Just give investors what they want, okay?

The Federal Reserve kept key interest rates unchanged following its May policy statement on Wednesday, but failed to provide any new details on the future of its monstrous $4.5 trillion balance sheet. 

This is what the Fed said about its balance sheet in the statement:

"The Committee is maintaining its existing policy of reinvesting principal payments from its holdings of agency debt and agency mortgage-backed securities in agency mortgage-backed securities and of rolling over maturing Treasury securities at auction, and it anticipates doing so until normalization of the level of the federal funds rate is well under way."

This was the same language as the March statement.

The reason investors were hoping for more details about the balance sheet is because the issue came up in the minutes of the March statement, released in April. 

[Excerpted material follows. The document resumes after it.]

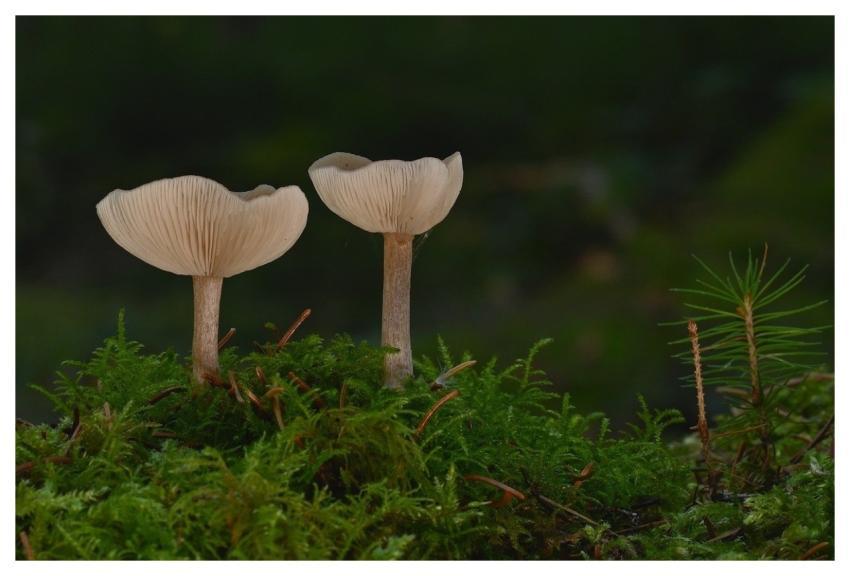 Mushrooms Lamellar Mushrooms Moss Forest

At that time, the Fed hinted that a change to its reinvestment policy is likely. Currently, the Fed reinvests the securities it holds, maintaining the size of its balance sheet. Some analysts expect the Fed to taper or halt those reinvestments.

But only until it gets interest rates up to a certain level. 

"The Fed doesn't want to put the cart before the horse and talk about the balance sheet until they feel they've done more work on the rate side," said Nick Colas, chief market analyst at Convergex, who  expects more details on the future of the central bank's balance sheet during Chair Janet Yellen's annual speech in Jackson Hole, Wyo. in late August.  

Unwinding its balance sheet may have the same impact on the markets as raising interest rates.